If you're interested, here is how I made mine:
1. Get a large package of inexpensive white lunch bags. Target or Wal-Mart will fill the need.
2. Create a bottom layer of texture/pattern/random markings on each bag with whatever materials you have on hand. I used water soluble crayons, white out (for resist), and drawing inks (Koh-i-noor Rapidograph inks in bright colors; I drew squiggles directly from the bottle).
3. Add a layer of liquid watercolor with a foam brush (or a regular brush about the same size). At first, I diluted the paint, but upon drying the color was too insipid for my liking so on the remainder I did it directly from the concentrate. If you have patience, you can do some interesting color layering by letting the watercolor dry before adding the next layer. Be gentle - the sides are delicate and rip easily when wet. To get around this I opened the bag entirely and put my hand inside it like a puppet, which put most of the pressure on the bottom of the bag where it is strongest. This also enabled me to reach every side at once while I painted.

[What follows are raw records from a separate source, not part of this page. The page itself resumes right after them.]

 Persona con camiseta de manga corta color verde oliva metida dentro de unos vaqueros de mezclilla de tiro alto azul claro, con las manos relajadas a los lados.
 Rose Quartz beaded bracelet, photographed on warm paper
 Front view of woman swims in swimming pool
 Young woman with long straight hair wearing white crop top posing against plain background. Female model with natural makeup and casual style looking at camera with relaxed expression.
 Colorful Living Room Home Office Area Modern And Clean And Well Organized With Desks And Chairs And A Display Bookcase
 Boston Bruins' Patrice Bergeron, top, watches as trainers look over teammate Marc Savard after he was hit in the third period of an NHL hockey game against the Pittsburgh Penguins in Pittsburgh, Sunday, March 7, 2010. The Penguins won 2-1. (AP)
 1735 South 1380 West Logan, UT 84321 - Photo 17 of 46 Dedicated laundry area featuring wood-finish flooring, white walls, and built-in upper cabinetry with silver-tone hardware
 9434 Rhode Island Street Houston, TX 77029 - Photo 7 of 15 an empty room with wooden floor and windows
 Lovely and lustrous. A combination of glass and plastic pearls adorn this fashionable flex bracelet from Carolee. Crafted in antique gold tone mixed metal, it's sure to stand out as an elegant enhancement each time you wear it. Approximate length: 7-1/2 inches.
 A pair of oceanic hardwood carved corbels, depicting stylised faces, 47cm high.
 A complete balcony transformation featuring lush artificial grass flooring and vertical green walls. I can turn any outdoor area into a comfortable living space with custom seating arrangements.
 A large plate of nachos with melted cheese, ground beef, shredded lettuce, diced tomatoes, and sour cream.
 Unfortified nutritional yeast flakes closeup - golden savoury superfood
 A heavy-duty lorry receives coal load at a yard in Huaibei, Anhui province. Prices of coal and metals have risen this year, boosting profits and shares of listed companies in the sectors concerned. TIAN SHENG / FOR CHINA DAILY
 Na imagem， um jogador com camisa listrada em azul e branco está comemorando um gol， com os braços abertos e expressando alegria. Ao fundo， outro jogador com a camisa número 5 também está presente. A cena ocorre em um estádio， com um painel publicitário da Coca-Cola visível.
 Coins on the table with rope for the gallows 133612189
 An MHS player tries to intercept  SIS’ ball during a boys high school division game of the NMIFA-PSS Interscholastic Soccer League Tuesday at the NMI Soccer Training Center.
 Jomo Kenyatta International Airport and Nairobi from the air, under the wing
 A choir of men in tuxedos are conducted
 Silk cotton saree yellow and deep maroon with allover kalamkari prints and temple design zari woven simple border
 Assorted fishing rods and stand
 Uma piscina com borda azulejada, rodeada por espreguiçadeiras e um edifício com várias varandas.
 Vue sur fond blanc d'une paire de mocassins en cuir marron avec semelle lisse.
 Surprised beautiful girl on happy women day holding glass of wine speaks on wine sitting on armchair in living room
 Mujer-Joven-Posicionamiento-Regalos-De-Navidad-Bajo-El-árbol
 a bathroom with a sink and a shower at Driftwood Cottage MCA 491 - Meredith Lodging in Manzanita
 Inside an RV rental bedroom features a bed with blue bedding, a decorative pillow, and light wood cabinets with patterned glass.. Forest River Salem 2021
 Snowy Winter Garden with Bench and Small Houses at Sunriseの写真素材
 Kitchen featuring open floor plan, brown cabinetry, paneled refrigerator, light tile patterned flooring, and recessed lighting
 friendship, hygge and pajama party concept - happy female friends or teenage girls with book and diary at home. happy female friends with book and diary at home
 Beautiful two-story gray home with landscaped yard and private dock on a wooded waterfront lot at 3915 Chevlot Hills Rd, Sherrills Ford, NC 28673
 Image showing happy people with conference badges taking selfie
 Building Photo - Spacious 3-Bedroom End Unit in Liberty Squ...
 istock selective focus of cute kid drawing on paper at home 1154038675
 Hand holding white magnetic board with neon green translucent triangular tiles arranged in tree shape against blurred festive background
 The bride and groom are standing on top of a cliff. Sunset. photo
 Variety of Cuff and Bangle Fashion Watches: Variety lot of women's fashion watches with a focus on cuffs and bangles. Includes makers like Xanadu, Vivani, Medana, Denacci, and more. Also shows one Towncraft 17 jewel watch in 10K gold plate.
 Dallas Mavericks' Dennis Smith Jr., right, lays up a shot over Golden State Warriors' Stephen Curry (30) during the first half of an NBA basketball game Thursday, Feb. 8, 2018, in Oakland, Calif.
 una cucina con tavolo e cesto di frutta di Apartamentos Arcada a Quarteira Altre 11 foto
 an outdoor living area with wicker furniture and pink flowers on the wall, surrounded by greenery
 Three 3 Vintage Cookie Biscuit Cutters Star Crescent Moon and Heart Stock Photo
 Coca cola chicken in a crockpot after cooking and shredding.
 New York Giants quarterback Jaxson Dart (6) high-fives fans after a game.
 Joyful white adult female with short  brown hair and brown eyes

4. Let it dry - I found that the easiest way is to stick the bag on something like an upright papertowel holder. Or flip a chair upside down if the legs are long enough, so you can dry four at a time. I turned a few plant stands upside down and that did the trick too. If possible, put your desiccation station outside - they'll dry much more quickly. Mine were finished in less than fifteen minutes.
5. Once dry, fold them back into form. If you're really ambitious, you could run over each bag with an iron to give it that crispy look again. I kinda like the crumply shape though.
It's worth making multiples with this project, because it is a messy process and requires just as much effort for one bag as it does for ten or fifty. The more I got into the groove, the more I started experimenting, and the more fun it was!
As for the finished goods? They'll work just fine for lunch bags, obviously, but I think they would also make great gift bags, party treat bags, luminaria, or even a gift in themselves if prettily bundled up. If you have any ideas on how to spice up this project, please share - the more ways to give that old bag a facelift, the better!